[Saved data entries]
───

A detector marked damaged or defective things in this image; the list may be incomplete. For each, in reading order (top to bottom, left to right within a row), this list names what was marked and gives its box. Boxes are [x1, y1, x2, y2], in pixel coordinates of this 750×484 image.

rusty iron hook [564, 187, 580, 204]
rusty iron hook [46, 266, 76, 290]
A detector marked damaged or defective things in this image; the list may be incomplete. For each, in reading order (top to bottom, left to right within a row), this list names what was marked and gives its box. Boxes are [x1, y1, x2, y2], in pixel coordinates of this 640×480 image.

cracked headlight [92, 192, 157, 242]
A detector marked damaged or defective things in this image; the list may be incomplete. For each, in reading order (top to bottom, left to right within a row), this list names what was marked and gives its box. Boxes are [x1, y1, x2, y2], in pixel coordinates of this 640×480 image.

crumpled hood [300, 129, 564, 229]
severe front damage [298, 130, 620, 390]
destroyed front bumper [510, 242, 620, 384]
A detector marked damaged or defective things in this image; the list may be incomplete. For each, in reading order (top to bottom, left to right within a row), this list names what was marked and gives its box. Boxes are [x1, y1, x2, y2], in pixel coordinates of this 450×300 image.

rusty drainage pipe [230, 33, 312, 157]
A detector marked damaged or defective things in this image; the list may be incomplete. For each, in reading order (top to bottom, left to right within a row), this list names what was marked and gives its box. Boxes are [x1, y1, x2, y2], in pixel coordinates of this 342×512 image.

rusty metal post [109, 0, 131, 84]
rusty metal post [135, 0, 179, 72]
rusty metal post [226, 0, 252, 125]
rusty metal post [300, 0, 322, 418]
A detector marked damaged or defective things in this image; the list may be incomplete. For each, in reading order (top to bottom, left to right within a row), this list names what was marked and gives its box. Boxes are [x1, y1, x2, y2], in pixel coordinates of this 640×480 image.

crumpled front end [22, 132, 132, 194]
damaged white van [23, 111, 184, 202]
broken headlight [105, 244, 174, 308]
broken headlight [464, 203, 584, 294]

───

- **EXERCISE OBJECTIVE**
From the line containing "this 450×300 image." to the final line of the data above, transcribe every line exactly and nothing more.

- **WRITTEN REPLY**
A detector marked damaged or defective things in this image; the list may be incomplete. For each, in reading order (top to bottom, left to right within a row), this list names what was marked and gives its box. Boxes are [x1, y1, x2, y2], in pixel coordinates of this 450×300 image.

rusty drainage pipe [230, 33, 312, 157]
A detector marked damaged or defective things in this image; the list may be incomplete. For each, in reading order (top to bottom, left to right within a row), this list names what was marked and gives its box. Boxes are [x1, y1, x2, y2], in pixel coordinates of this 342×512 image.

rusty metal post [109, 0, 131, 84]
rusty metal post [135, 0, 179, 72]
rusty metal post [226, 0, 252, 125]
rusty metal post [300, 0, 322, 418]
A detector marked damaged or defective things in this image; the list may be incomplete. For each, in reading order (top to bottom, left to right within a row), this list names what was marked and gives its box. Boxes are [x1, y1, x2, y2], in pixel coordinates of this 640×480 image.

crumpled front end [22, 132, 132, 194]
damaged white van [23, 111, 184, 202]
broken headlight [105, 244, 174, 308]
broken headlight [464, 203, 584, 294]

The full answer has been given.